Stars explained: * A production of no real merit with failings in all areas. ** A production showing evidence of not enough time or effort, or even talent, and which never breathes any real life into the piece – or a show lumbered with a terrible script. *** A good enjoyable show which might have some small flaws but has largely achieved what it set out to do.**** An excellent show which shows a great deal of work and stage craft with no noticeable or major flaws.***** A four star show which has found that extra bit of magic which lifts theatre to another plane.
Half stars fall between the ratings

Clever passage through the ages

Abandonment

Highbury Theatre Centre, Sutton Coldfield

****

Kate Atkinson stages her clever play both in the present day and in 1865, deftly flitting between the two eras with a story guaranteed to keep its audience totally absorbed.

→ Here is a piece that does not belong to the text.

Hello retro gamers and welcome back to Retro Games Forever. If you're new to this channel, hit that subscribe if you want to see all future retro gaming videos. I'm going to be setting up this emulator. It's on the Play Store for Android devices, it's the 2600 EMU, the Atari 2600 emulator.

Aided and abetted by director Sheila Knapman and an excellent company, she sees her challenging task completed with aplomb in this fast-moving studio production.

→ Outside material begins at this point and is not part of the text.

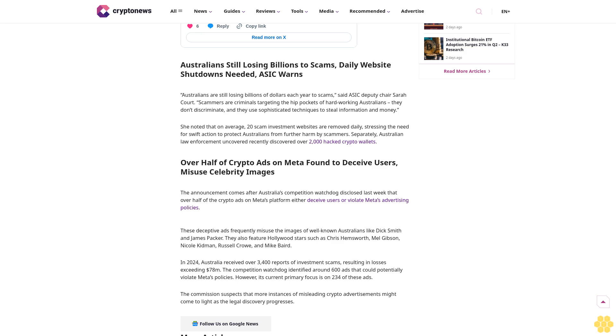Separately, Australian law enforcement recently discovered over 2,000 hacked crypto wallets. Over half of crypto ads on Meta found to deceive users and misuse celebrity images. The announcement comes after Australia's competition watchdog disclosed last week that over half of the crypto ads on Meta's platform either deceive users or violate Meta's advertising policies.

Despite its pace, it is about 10.30 pm when it finishes – but this came as a complete surprise to me and, I am sure, to many members of the first-night audience who had watched it speed by with no idea that it had kept us for three hours.

The story develops after two sisters and a friend have started clearing out a house that had been occupied by an elderly woman – but this is a circumstance that is readily forgotten once the real action gets under way. When it does, we find ourselves embroiled in modern family tensions and fleeting love affairs, and the unkindnesses inflicted on servants 150 years ago. It is a mixture that is deftly handled and which compels our attention.

Elizabeth (Alison Cahill) is the house buyer – a woman whose bubbling personality cannot keep pace with the pressures of personal relationships and the way in which she is let down. Her sharp-tongued sister Kitty (Judith Woodfield) is not exactly supportive and their friend Susie (Marion Pritchett) is helpfully described as being a scientist as well as a lesbian. In the scenes from the past, Marion is delightfully transformed into Gertie, the solemn-faced and panicky housemaid.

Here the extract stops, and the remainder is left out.